[Task]
Print, in exact form, the lines below from the one containing "Building Photo - 17803 Hayward Hill Dr" through the one containing "Volkswagen Passat, 1.8", and omit all others.
--------
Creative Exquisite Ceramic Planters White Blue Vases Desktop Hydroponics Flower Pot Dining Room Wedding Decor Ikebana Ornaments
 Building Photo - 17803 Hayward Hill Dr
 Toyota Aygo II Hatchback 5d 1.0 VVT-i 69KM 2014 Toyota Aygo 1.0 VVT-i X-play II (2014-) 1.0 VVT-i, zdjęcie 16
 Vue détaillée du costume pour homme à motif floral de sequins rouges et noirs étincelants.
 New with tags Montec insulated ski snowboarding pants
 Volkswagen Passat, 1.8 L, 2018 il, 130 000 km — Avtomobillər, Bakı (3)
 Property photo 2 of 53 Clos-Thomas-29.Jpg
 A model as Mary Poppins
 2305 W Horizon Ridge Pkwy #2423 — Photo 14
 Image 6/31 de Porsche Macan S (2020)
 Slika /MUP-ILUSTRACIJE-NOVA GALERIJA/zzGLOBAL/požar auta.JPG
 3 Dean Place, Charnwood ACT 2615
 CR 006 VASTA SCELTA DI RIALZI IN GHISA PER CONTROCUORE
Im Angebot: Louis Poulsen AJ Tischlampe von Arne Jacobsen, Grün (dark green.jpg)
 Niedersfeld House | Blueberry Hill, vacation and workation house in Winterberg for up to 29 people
--------
[Answer to this problem]
 Building Photo - 17803 Hayward Hill Dr
 Toyota Aygo II Hatchback 5d 1.0 VVT-i 69KM 2014 Toyota Aygo 1.0 VVT-i X-play II (2014-) 1.0 VVT-i, zdjęcie 16
 Vue détaillée du costume pour homme à motif floral de sequins rouges et noirs étincelants.
 New with tags Montec insulated ski snowboarding pants
 Volkswagen Passat, 1.8 L, 2018 il, 130 000 km — Avtomobillər, Bakı (3)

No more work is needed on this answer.